I think that is often what happens when we get Incarnational with our religion and break down the phony barriers between what some call sacred and secular. Do you remember the old founder of Koinonia Farms and the progenitor of Habitat for Humanity Clarence Jordan? He used to tell the good old boys in the segregated South that they would affirm the heresy of Docetism in a heartbeat if they ever under-stood that the Word of God took up residence in the flesh of a person of color. What’s more, he used to say it was in every believer’s best interest to embrace integration right now rather than be shocked at the end of time when every tribe and race is dancing together around the foot of God’s thrown in a radically integrated life beyond life.
So evoking and blending the beauty of everyday life in a radically Incarnational way is often jarring to lots of people – it is even sometimes shocking and off-putting – so let me share three quick insights about why using popular culture and music can be helpful to us in doing theology in the post-modern context. Because even in the Berkshires – and greater New England – post-modern thinking and attitudes are becoming the dominant cultural reality of the day and we need to know how to engage it. Greg Stevens of Rochester College summarizes it like this:
+ First, popular culture reflects society’s real values. We may not always like what we see – a good mirror often tells us that – but as they say on those make over shows: “The 360 mirror doesn’t lie!” One scholar said that by looking at what we see in the world as it is, “we learn that as much as we are a culture obsessed with wanton sexuality and enamored with the trivial (we've practically elevated Britney Spears to the level of deity) we are also a culture equally enthralled by the concept of redemption. Just spend a week in the movie theater or watching primetime television drama and count how many times this theme pops up.” We are aching for something to fill the emptiness to say nothing of searching for signs of hope and meaning.
+ Second, popular culture shapes society’s values and beliefs. And this happens through the stories we tell. “The reason people get so upset about portrayals of violence or smoking on television or depictions of an abortion without subsequent emotional consequences is because they know that these portrayals do in fact influence thoughts and actions to some degree. People have even coined the phrase "the CSI effect" to refer to the impact that show has had on potential jurors who are now much more educated about forensic science and criminals who now have a better grasp of how to avoid detection.” The songs we sing and the shows we watch often shape our cultural agenda – they give us eyes to see and ears to hear – and wisdom about the signs of the times.
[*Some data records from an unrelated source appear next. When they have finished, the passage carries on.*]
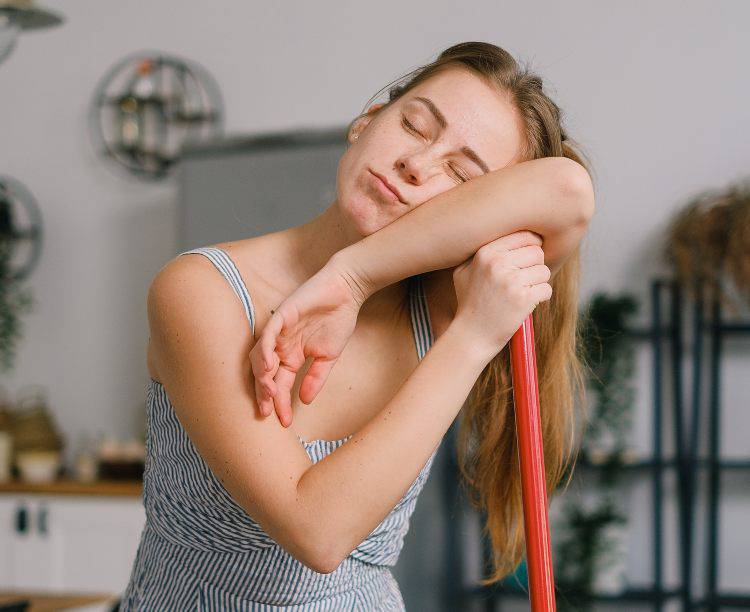 Constant tiredness and muscle aches?  (Pexels)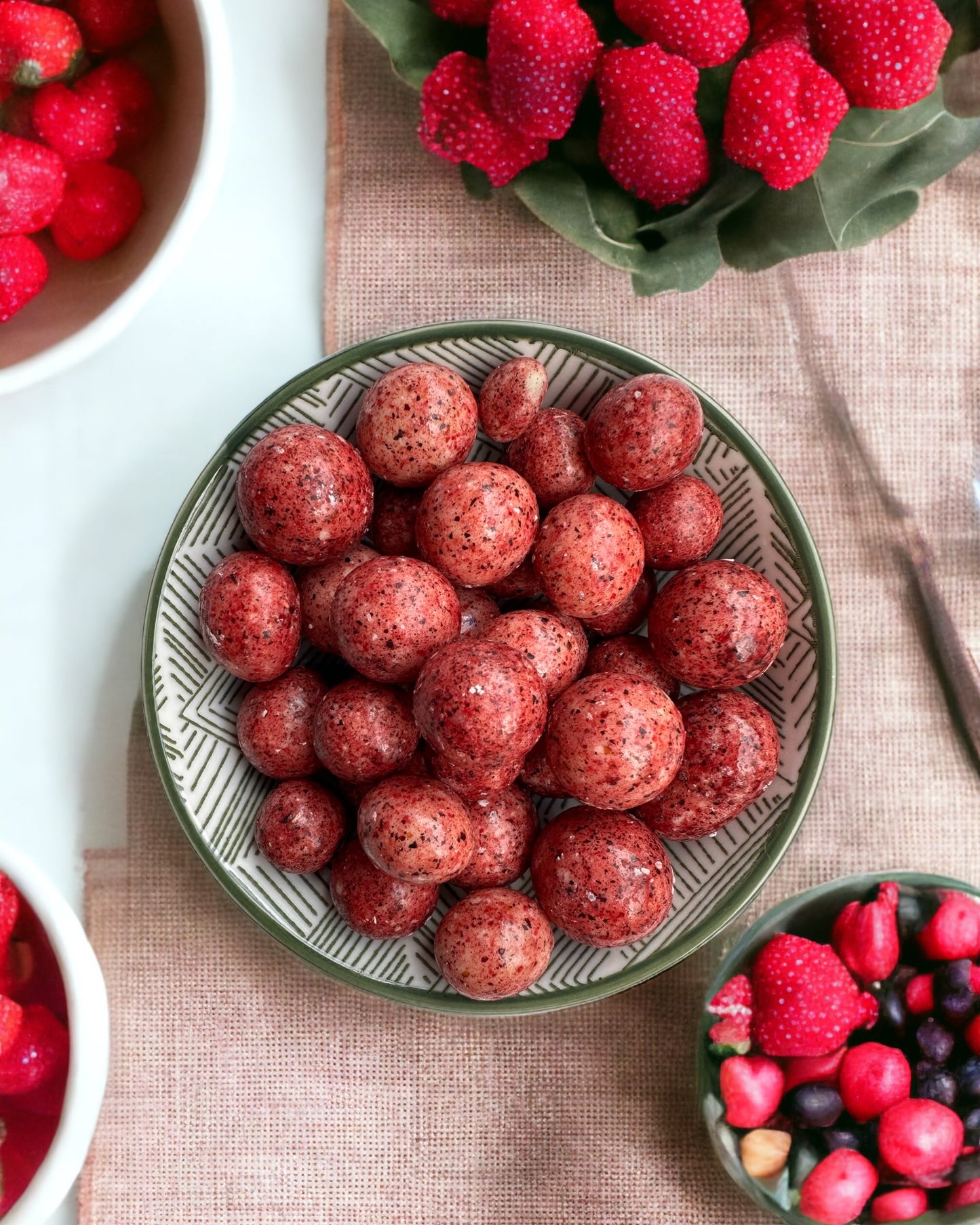 Johannisbeeren in weißer Schokolade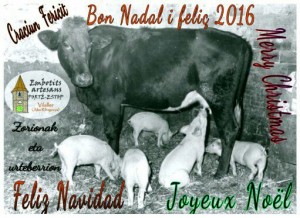 Vaca donant llet als garrins 1959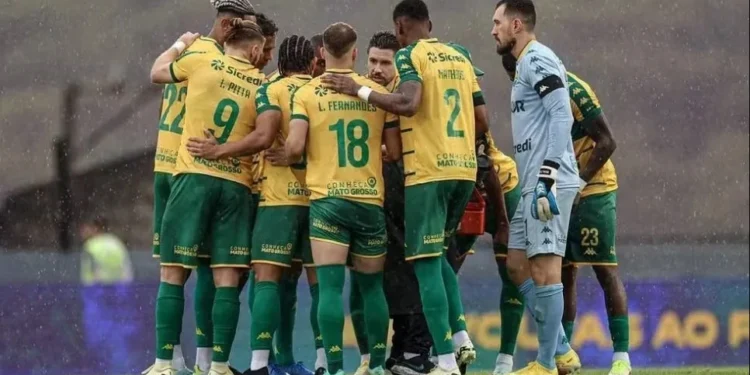 Cuiabá é rebaixado matematicamente para a Série B do Brasileirão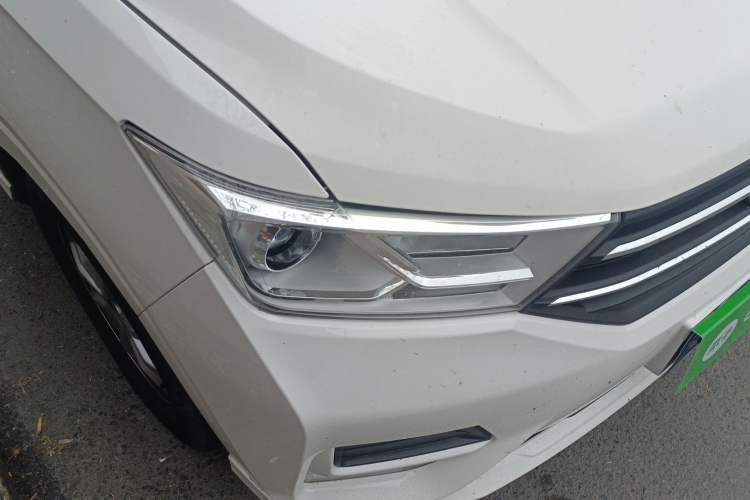 Used Wuling Hongguang 2021 1.5L Facelift S Comfort Version Hydraulic Power Steering LAR Right Front Headlight
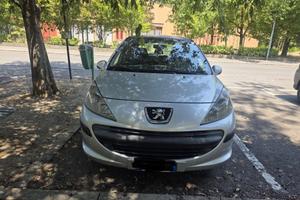 Peugeot 207 1.4 8V 75CV 5p. ONE Line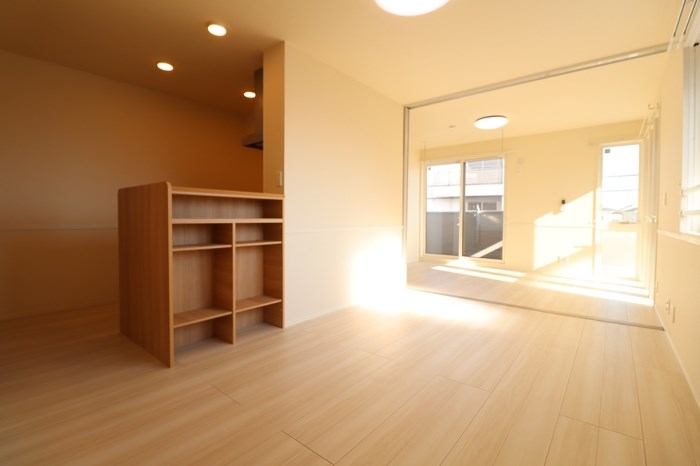 アムール リビング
+ And third, popular culture matters to real live people. “People take their favorite shows, musicians, and authors very seriously. They develop strong emotional attachments to these things and have sometimes profound aesthetic experiences of them. In other words, popular culture has become a form of popular art.” Now, we can be elitist about this – and there’s a ton of crap out there – but it is equally true that the “best shows on television provide viewers with a significant aesthetic experience and scholars are coming to realize the importance of studying that experience. In fact the philosopher Noell Carroll prefers to call popular culture "mass art" and says that such mass art provides people in western culture with their "primary access to aesthetic experience."
Are you still with me: popular culture, in other words, offers us resources and insights into the real lives of the people in our churches – and speaks the language of many of those who feel alienated and locked out of church, too.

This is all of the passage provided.